> **Required action**: Please restate word for word the lines of the entries below from the one with "2020 Toyota Corolla Nightshade" to the one with "Scania R650 V8 6x4 / 2019 / Full air - 12", inclusive, and leave out every picture.

> **Supplied records**:

###

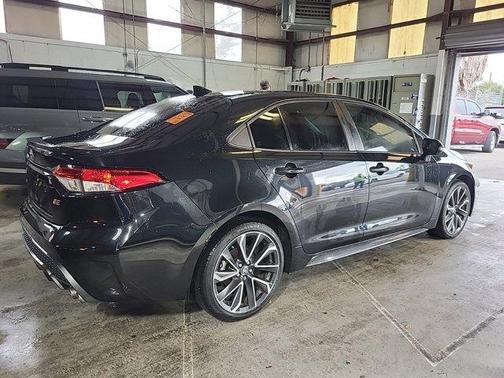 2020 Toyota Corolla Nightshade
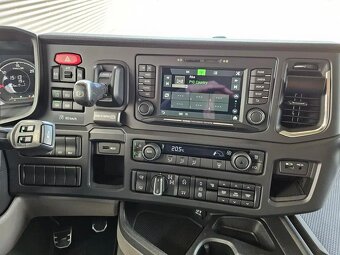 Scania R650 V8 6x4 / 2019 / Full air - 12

###

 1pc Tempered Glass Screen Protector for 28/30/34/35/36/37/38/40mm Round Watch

###

> **Reply**:
 2020 Toyota Corolla Nightshade
 Scania R650 V8 6x4 / 2019 / Full air - 12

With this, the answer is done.